WTO trade talks machine revs up after U.S. visit
In fact, he was rebuffed on matters of substance.
Kirk, showing continuity with the previous administration of George W. Bush, said the United States wanted to see more market opening in big emerging countries like Brazil, India, China and South Africa. He repeated the call in a major speech on Monday.
But Brazil's WTO ambassador, Roberto Azevedo, told Wednesday's meeting that no one who argued there were major imbalances in the package currently being negotiated would get very far.
Another idea of Kirk's, designed to offer a new way forward in the talks, also met a cool reception, but is still being pursued by the United States.
Kirk took up a Canadian proposal to move beyond the current focus of talks which aim to reach an outline deal on the formulas for cutting tariffs and subsidies, known in WTO jargon as modalities, and go straight into detailed bilateral negotiations on cutting individual tariffs, known as scheduling.
U.S. ambassador Peter Allgeier told Wednesday's meeting this was not about skipping modalities or dropping multilateral talks but supplementing them in the interests of transparency.
Negotiators would have a clear idea of what they would get in sectors that interest them, giving them more confidence to negotiate the overall deal.
This approach met with more understanding.
"We have to have conversations with each other, and for political reasons we haven't been able to do that," said the trade official. "People seem much more ready to start talking."

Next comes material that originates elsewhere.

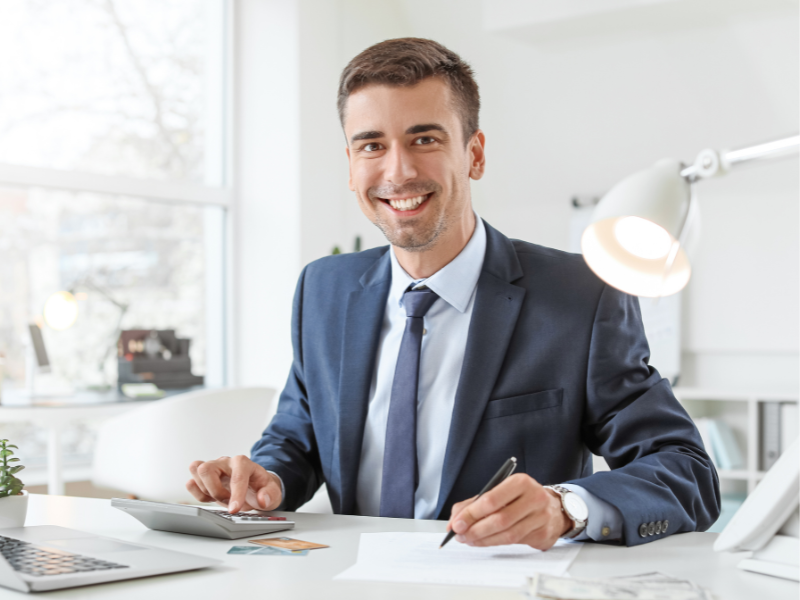 A financial advisor working at his desk smiles directly at the camera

It could work like this. A U.S. negotiator sits down with her Indian counterpart to get a sense of how many U.S. tractors India would be willing to import, and at what duty. In return, the Indian diplomat would make clear how many temporary work visas India would seek in return.
In fact, the WTO is training diplomats and officials on scheduling in the week of July 13, the chairman of negotiations on industrial goods, Swiss ambassador Luzius Wasescha, said.
This was intended to help them understand the complex process, not skip modalities, he told a briefing.
Wasescha said negotiations on creating duty-free zones in individual industrial sectors such as chemicals or textiles -- one of the issues that torpedoed last July's talks -- had moved on from a rich-poor confrontation to an objective and technical examination of opportunities for importers and exporters.
"For the time being we have succeeded to bring this discussion on a factual level and we no longer have... theological discussions," he said.